(Crawled caption data)
——————————

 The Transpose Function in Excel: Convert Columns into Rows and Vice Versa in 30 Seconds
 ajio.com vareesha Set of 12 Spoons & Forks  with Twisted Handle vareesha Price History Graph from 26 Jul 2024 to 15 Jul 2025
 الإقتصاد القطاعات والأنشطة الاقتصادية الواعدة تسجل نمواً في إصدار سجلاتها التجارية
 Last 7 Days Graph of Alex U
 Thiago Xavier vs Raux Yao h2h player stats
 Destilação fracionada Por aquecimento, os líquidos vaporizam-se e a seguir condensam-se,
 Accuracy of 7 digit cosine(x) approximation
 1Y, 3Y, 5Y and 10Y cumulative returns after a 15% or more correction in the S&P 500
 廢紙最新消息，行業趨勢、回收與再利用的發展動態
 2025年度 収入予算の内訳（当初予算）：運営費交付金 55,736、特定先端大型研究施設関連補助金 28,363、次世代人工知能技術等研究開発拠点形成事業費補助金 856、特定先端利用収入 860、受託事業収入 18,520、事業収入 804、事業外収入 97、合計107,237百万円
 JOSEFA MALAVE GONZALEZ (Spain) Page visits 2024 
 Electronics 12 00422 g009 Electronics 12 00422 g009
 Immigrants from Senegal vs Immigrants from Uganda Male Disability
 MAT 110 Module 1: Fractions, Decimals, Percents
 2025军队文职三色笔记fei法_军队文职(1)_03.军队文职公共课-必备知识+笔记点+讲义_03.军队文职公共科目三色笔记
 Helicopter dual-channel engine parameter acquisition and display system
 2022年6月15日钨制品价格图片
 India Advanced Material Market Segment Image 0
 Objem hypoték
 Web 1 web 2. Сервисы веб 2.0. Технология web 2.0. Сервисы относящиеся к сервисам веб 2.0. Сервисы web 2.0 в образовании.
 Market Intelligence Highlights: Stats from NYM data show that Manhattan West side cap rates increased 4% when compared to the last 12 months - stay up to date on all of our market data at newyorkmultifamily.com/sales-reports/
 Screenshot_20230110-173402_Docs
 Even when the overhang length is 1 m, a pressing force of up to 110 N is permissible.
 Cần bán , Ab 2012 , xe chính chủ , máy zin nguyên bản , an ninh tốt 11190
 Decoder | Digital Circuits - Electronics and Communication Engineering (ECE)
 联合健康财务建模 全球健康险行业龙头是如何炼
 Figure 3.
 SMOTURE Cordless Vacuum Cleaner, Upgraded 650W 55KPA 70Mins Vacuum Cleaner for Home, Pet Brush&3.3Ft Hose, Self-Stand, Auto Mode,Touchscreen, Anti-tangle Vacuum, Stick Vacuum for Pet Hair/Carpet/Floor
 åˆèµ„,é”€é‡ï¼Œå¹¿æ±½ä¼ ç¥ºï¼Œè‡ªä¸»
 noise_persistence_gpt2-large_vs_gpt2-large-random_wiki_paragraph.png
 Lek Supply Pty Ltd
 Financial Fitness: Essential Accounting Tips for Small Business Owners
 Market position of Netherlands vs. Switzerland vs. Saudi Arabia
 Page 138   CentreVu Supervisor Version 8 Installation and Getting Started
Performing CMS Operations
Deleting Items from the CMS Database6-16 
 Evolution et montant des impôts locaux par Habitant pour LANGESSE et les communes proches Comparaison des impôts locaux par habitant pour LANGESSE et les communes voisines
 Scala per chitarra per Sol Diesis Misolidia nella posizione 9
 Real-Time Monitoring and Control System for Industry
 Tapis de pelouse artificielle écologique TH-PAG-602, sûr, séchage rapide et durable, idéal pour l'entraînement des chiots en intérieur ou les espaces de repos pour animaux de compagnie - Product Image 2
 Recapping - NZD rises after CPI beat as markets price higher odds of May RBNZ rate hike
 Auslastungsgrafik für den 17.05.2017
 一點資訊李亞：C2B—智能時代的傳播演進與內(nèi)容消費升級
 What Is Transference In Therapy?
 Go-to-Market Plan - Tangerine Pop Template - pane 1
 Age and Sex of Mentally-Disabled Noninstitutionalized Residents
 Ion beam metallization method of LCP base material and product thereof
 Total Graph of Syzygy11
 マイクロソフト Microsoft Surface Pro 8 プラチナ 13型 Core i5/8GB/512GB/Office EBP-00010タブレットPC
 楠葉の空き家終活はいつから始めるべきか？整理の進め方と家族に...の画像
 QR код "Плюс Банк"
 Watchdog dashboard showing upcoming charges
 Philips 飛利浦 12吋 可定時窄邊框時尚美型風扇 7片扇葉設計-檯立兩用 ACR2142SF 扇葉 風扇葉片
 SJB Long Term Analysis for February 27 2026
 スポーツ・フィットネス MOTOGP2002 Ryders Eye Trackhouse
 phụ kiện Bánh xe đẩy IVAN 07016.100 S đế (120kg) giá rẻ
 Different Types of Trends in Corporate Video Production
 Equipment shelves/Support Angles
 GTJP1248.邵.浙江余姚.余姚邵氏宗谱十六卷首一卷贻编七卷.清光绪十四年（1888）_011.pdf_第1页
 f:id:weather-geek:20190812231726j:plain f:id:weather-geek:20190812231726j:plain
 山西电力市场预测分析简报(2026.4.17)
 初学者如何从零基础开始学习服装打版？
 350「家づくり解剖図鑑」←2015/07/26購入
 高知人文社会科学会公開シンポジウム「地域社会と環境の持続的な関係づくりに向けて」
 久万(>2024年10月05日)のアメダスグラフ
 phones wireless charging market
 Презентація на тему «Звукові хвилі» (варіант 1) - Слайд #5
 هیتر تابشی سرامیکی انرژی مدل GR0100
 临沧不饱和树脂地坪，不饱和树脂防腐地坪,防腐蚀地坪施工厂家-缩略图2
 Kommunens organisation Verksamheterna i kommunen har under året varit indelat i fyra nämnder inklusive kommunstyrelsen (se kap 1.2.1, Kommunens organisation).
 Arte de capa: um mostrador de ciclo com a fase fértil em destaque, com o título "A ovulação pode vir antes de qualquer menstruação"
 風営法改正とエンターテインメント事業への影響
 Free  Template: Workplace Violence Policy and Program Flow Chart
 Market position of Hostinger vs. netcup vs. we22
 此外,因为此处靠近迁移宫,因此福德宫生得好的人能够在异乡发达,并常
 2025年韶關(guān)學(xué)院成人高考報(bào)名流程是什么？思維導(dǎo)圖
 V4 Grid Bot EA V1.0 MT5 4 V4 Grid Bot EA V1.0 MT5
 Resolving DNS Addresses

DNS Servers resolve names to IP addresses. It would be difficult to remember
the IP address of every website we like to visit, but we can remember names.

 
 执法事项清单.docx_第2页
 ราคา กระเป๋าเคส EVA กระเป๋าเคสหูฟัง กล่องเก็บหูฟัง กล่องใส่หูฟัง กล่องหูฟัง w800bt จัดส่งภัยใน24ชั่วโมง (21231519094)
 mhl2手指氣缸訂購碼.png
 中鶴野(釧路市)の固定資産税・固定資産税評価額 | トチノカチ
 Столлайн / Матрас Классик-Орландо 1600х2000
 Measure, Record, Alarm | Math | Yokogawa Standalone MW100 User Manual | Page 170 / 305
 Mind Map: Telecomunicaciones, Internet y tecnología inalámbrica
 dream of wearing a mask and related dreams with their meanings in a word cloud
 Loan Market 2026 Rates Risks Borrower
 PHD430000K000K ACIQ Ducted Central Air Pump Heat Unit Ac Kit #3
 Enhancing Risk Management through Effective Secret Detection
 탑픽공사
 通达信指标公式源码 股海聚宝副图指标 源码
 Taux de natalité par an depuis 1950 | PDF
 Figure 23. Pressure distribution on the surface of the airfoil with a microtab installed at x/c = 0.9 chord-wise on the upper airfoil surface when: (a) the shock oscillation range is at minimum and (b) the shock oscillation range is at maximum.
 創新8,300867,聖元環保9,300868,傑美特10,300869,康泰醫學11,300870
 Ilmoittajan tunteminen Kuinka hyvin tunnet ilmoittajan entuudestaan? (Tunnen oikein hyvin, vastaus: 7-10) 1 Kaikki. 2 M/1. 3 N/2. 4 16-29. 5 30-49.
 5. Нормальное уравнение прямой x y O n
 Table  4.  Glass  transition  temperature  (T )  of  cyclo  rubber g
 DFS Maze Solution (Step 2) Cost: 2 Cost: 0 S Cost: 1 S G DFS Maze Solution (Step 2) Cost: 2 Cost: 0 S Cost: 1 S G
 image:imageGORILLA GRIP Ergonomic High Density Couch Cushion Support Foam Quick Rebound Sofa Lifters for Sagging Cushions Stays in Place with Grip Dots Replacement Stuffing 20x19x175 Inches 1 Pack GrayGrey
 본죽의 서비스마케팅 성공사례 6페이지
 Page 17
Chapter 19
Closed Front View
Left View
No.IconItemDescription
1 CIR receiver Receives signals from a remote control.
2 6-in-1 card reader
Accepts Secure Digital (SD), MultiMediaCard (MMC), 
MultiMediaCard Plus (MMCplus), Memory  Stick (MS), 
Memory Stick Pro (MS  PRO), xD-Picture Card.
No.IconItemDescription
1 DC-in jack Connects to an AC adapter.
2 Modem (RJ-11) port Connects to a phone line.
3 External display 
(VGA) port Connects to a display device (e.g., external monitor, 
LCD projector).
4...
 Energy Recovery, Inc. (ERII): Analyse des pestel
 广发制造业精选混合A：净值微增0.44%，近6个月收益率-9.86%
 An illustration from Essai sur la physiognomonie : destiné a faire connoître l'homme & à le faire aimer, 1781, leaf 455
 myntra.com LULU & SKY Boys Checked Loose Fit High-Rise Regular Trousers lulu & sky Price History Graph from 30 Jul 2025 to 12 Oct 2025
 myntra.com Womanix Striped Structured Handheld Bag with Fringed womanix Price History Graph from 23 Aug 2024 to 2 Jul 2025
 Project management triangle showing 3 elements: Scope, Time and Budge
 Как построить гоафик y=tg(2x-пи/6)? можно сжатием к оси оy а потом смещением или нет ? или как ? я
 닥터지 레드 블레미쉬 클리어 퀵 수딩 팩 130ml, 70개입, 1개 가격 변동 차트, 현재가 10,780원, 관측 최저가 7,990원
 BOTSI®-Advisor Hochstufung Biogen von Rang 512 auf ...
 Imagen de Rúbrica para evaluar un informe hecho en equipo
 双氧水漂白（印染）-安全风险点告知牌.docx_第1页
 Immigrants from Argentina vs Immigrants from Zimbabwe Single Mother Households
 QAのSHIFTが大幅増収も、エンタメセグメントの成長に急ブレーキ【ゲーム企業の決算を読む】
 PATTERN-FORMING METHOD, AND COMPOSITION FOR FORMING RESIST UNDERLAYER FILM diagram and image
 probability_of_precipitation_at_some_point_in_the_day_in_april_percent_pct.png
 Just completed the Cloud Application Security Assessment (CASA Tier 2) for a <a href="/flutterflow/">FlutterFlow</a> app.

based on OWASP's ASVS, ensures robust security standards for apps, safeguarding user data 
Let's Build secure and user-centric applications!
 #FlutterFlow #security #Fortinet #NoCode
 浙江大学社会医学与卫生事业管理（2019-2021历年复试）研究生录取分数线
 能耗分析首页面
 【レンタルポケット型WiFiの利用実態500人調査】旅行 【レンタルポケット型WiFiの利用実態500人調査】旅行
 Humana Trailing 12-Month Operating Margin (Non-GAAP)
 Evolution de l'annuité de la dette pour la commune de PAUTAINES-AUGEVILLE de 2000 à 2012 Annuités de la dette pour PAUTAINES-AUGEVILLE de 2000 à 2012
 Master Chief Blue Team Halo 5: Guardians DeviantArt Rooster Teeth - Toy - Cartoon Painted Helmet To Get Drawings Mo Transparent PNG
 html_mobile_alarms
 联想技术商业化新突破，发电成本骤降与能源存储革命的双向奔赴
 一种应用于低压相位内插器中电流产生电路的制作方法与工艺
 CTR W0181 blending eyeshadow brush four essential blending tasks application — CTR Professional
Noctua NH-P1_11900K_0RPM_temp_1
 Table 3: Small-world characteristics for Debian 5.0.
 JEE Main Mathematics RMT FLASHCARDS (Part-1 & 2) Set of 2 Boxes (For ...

——————————

From the first line of the data through the line with "1Y, 3Y, 5Y and", quote each line exactly and add nothing else.

 The Transpose Function in Excel: Convert Columns into Rows and Vice Versa in 30 Seconds
 ajio.com vareesha Set of 12 Spoons & Forks  with Twisted Handle vareesha Price History Graph from 26 Jul 2024 to 15 Jul 2025
 الإقتصاد القطاعات والأنشطة الاقتصادية الواعدة تسجل نمواً في إصدار سجلاتها التجارية
 Last 7 Days Graph of Alex U
 Thiago Xavier vs Raux Yao h2h player stats
 Destilação fracionada Por aquecimento, os líquidos vaporizam-se e a seguir condensam-se,
 Accuracy of 7 digit cosine(x) approximation
 1Y, 3Y, 5Y and 10Y cumulative returns after a 15% or more correction in the S&P 500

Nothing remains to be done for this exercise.